# How To Set Up A GUI For VNC or NX on Headless FreeBSD Server



## RobinHood (Apr 5, 2014)

So, I feel like such a pain asking this (since it seems this isn't a question most people feel the need to ask).  This is essentially a plead for help from an annoying know-nothing.

I just switched from a server on which I was running Ubuntu to a server running FreeBSD.

I need a way to remotely log in to my server and run programs using a GUI (e.g. VNC).

I don't know which VNC program would be best (TightVNC, RealVNC, x11vnc, etc.).

I don't know all the steps necessary to set up any of those programs (from where should I install the program, what files do I need to alter, how do I need to alter them, etc.).

I am hoping someone can help save me from my ignorance...


----------



## SirDice (Apr 7, 2014)

*Re: How To Set Up A GUI For VNC or NX on Headless FreeBSD Se*



			
				RobinHood said:
			
		

> I don't know which VNC program would be best (TightVNC, RealVNC, x11vnc, etc.).


They should all do similar things. I think net/tigervnc is a popular one. 

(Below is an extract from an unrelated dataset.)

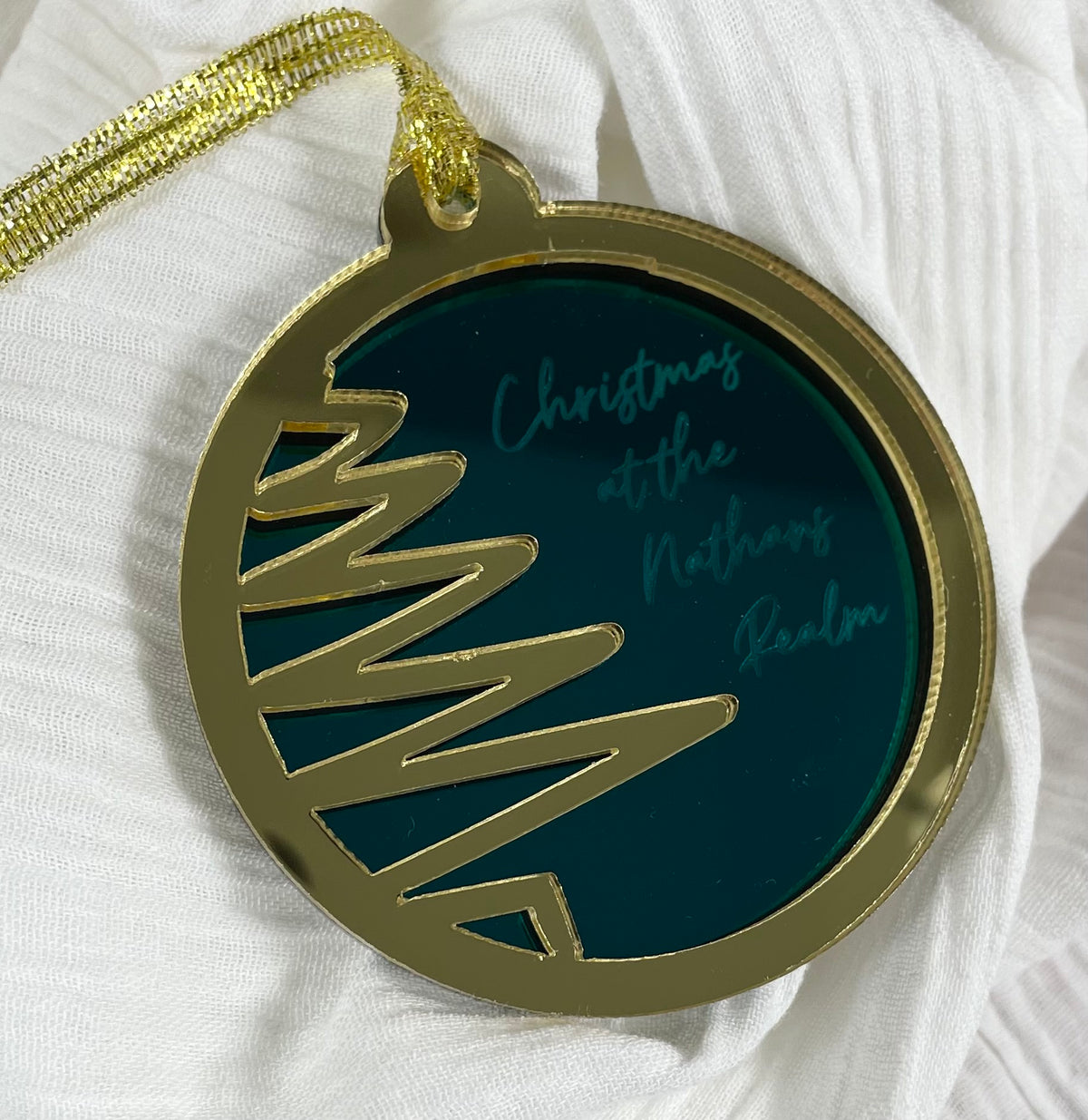 Personalised Christmas tree reflection bauble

> I don't know all the steps necessary to set up any of those programs (from where should I install the program, what files do I need to alter, how do I need to alter them, etc.).


Should be fairly simple, `make -C /usr/ports/net/tigervnc install clean` or `pkg install tigervnc`. There isn't a lot to edit, ~/.vnc/startup is the important one. Then you can run `vncserver -geometry 800x600` as a normal user. Once it's started you should be able to connect with a vncviewer.


----------